Broadwater was convicted in 1982 of raping author Alice Sebold near Syracuse University campus in 1981. The conviction was thrown out in 2021 after current District Attorney William Fitzpatrick argued that prosecutors should have dropped the case when Sebold misidentified her attacker at a police lineup, selecting a different man as her assailant. Broadwater spent nearly four decades as either incarcerated or a registered sex offender before his exoneration.
Bennett Gershman, a veteran Pace University law professor, told ProPublica in 2024 that prosecutors had 'manufactured a case' against Broadwater and called it 'the most heinous kind of prosecutorial misconduct — when the prosecutor is creating guilt.' He described the conduct as 'so much worse than plain misconduct. This is tyranny.'
What the Right Is Saying
Defenders of the original prosecution argue that hindsight analysis of decades-old cases risks imposing modern standards retroactively on prosecutors working under different legal frameworks and with less developed understanding of eyewitness identification issues.
Some legal commentators have noted that while Gershman's reversal may appear unusual, experts are permitted to revise their opinions based on deeper examination of evidence. They point out that civil litigation involves different evidentiary standards than criminal proceedings and that the city and county have an obligation to defend against financial claims.
Lawyers for Syracuse and Onondaga County declined to comment on the expert's changed position or the pending litigation.
What the Left Is Saying
Criminal justice reform advocates have expressed alarm at Gershman's reversal, raising concerns about the integrity of expert testimony in civil cases involving wrongful convictions.
Organizations including the Innocence Project, which works to exonerate wrongfully convicted individuals, have long argued that prosecutorial accountability is essential to preventing future miscarriages of justice. The group has documented hundreds of cases where prosecutors failed to disclose exculpatory evidence or engaged in other misconduct that led to innocent people serving prison sentences.
Defense attorneys representing Broadwater have not commented on Gershman's changed position, but legal observers note that the reversal comes as Broadwater seeks financial compensation for the decades he spent incarcerated based on what multiple parties now acknowledge was a flawed prosecution.
What the Numbers Show
According to court records, Broadwater was convicted in 1982 based primarily on Sebold's eyewitness identification. He served 16 years in state prison before being released and spent an additional 23 years as a registered sex offender before his conviction was vacated in 2021.
DA Fitzpatrick stated publicly that the prosecution should have ended when Sebold identified someone other than Broadwater at a lineup, saying: 'Case is over.

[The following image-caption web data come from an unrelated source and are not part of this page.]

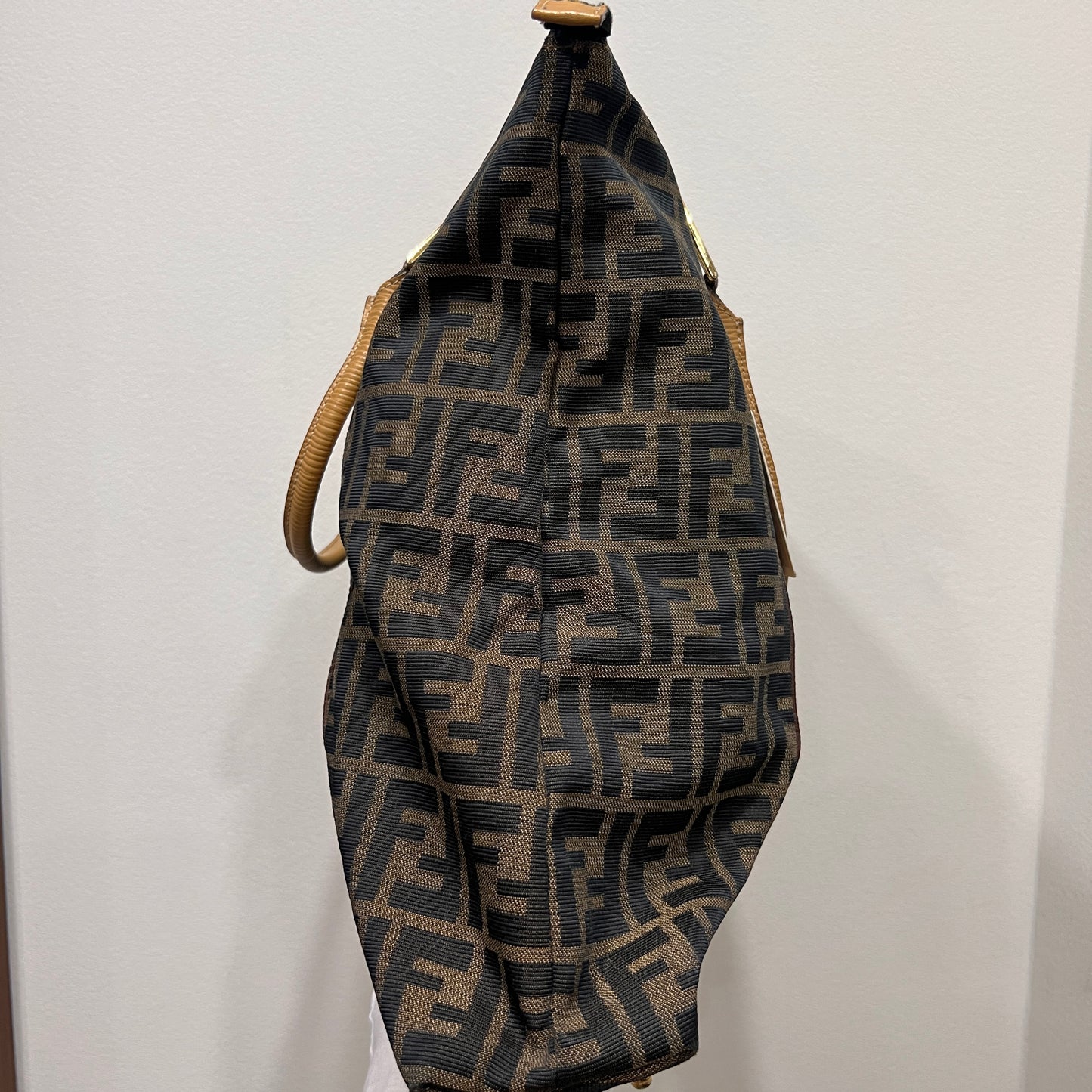 FENDI Tote (2505-21)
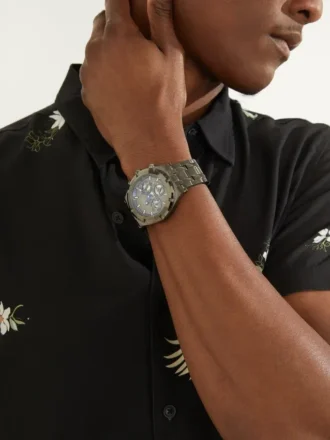 Donker zilverkleurig multifunctioneel horloge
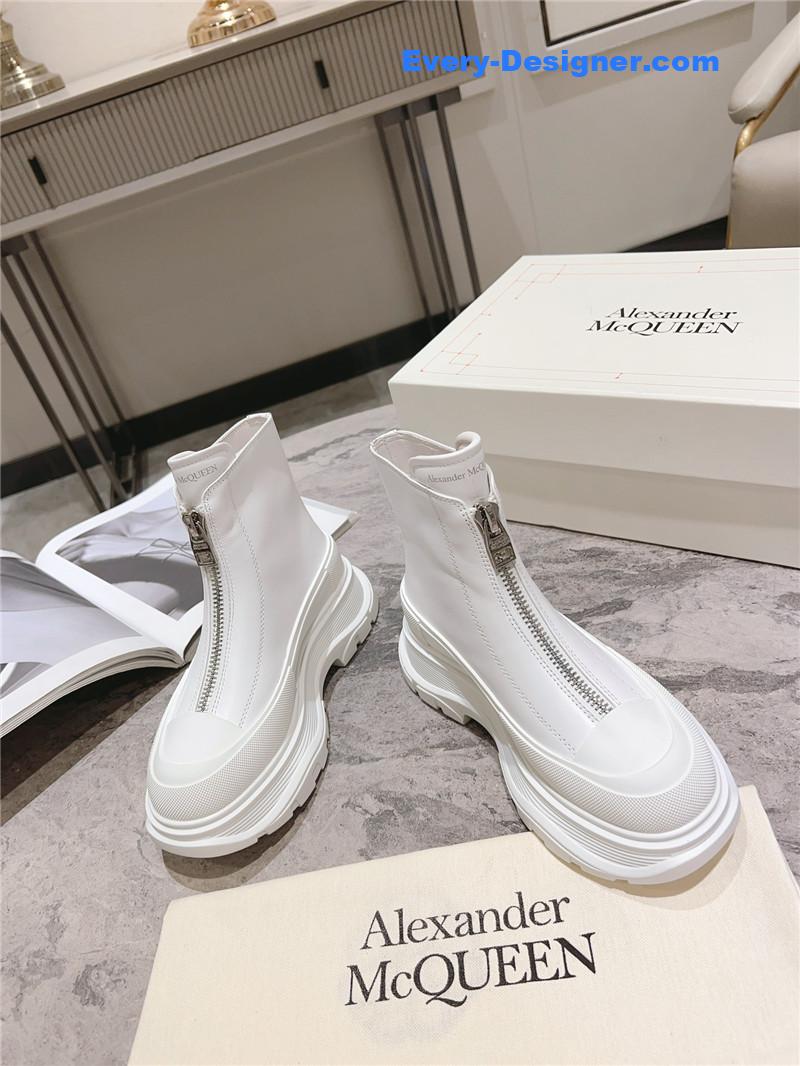 a1exa*der Mcqv*en front zip booties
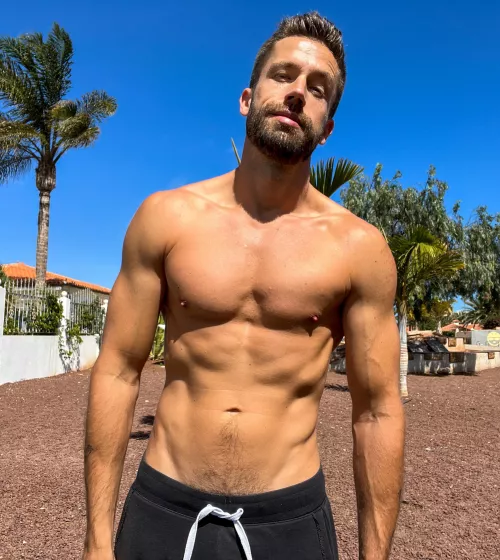 wanna go to the beach with me? by DennisXL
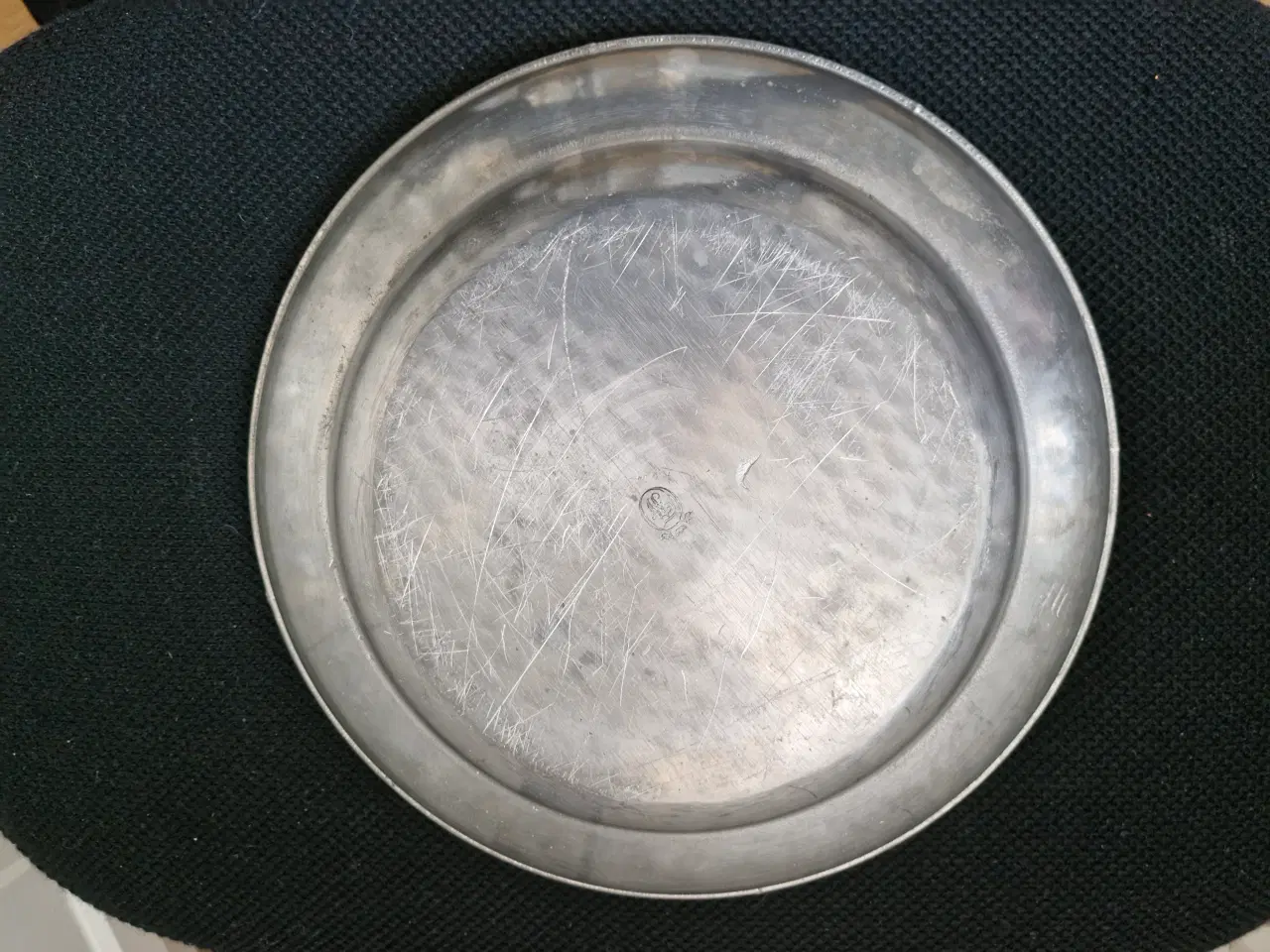 Billede 3 - Stort bordfad i tin af mærket FV-TREKRONER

Stop.' The district attorney's office supported vacating the conviction after reviewing evidence including testimony about the lineup identification and broader patterns of sexual assaults in the Syracuse area during the period.
Gershman's December 2025 expert report concluded that 'the city’s prosecutors did not engage in misconduct' in pursuing Broadwater's prosecution, a position directly at odds with his public statements made approximately one year earlier. Legal ethics experts quoted by ProPublica described the reversal as 'odd' and potentially undermining to the expert's credibility with future juries.
The Bottom Line
The case highlights tensions between criminal and civil proceedings involving wrongful convictions. While DA Fitzpatrick publicly acknowledged prosecutorial failures that led to Broadwater's imprisonment, municipal defendants in the civil suit are working to limit financial liability for those same historical actions.

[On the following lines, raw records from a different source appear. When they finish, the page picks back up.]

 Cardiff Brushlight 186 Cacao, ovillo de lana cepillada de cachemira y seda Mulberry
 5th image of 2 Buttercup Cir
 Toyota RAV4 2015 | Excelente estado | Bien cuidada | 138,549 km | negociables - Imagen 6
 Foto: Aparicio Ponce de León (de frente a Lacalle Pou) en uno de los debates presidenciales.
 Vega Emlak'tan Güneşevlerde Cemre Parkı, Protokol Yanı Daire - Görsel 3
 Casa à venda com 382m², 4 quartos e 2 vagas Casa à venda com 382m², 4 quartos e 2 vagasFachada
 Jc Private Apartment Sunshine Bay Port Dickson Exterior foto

Legal ethics experts noted that while changing an expert opinion based on new evidence is not unethical, providing strongly worded public commentary and then testifying for one party raises questions about the boundaries between journalism and litigation. A jury hearing the Broadwater case may now weigh Gershman's conflicting statements when evaluating his credibility as a witness.
Broadwater's lawsuit seeking damages for wrongful conviction remains pending in New York state court.